Arménie. 1988, année zéro. Le 7 décembre 1988, un tremblement de terre d’une magnitude de 6,9 sur l’échelle de Richter dévaste une partie du pays. Entre 25 et 30 000 personnes trouvent la mort. La ville de Gyumri est détruite à 60%. C’est là que la réalisatrice tchèque Jana Ševčíková a tourné pendant plusieurs années. Le résultat est un documentaire qui porte tout simplement le nom de la ville.

Près de vingt ans après, certains bâtiments sont encore en ruines, les cimetières sont toujours pleins d’immenses pierres tombales représentant des êtres chers disparus… Très souvent des enfants.

La documentariste Jana Ševčíková s’est pour la première fois rendue en Arménie en 2003 pour tourner un film sur une communauté d’artistes vivant dans les ruines de cette ville désertée par ses habitants. C’est par hasard qu’elle croise un jour dans la rue deux jeunes garçons, et qu’elle découvre à la faveur d’une discussion qu’ils portent tous deux le nom de leur frère décédé. Elle découvre alors qu’il ne s’agit pas d’un cas isolé.

« Je suis fière de porter le même nom que ma soeur. »

« Si l’âme de mon frère est en moi, c’est comme si j’étais à côté de sa tombe et que je regardais son image. »

'Gyumri'
Tous ces enfants ont souvent grandi avec un sentiment de culpabilité, leurs parents leur faisant porter le poids de la comparaison avec leurs aînés partis trop tôt.
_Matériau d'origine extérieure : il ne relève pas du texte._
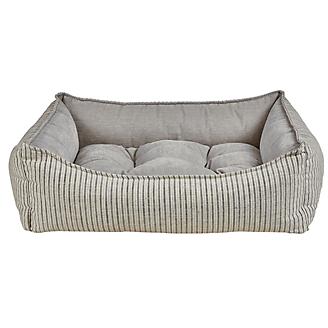 Bowsers Augusta Ticking Scoop Dog Bed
Certains ont même mis en place un processus d’identification si fort que lorsque la réalisatrice les filme, face à la caméra, on a parfois l’impression que quelqu’un d’autre parle en eux.

Jana Ševčíková filme l’invisible et l’impalbable : les disparus, le deuil impossible, le lien filial brisé et péniblement rafistolé avec plus ou moins de réussite avec les enfants de l’après-tremblement de terre.

'Gyumri'
Un des moments les plus intrigants de ce documentaire, est la profonde conviction de nombreux parents que le tremblement de terre n’en était pas un. Tous disent avoir entendu une explosion après les secousses, évoquant des armes cachées sous terre. Impossibilité d’accepter l’inacceptable et les lois d’une nature hasardeuse ? Fantasme dû à la paranoïa d’une époque encore placée dans la crainte du régime communiste ? Réalité ? Le film ne donne pas de réponse, mais les soupçons surprennent.

Jana Ševčíková a réalisé ce film de façon si peu intrusive et pourtant touchant si juste qu’elle confronte le spectateur à l’après-catastrophe... Que deviennent les gens meurtris quand la télévision a cessé de s’intéresser à eux ? Il est aussi un douloureux aiguillon sur l’absence totale de suivi psychologique dans ces pays post-communistes qui ont subi des guerres ou des catastrophes naturelles.

Le documentaire Gyumri était le seul représentant tchèque à la dernière biennale de Venise.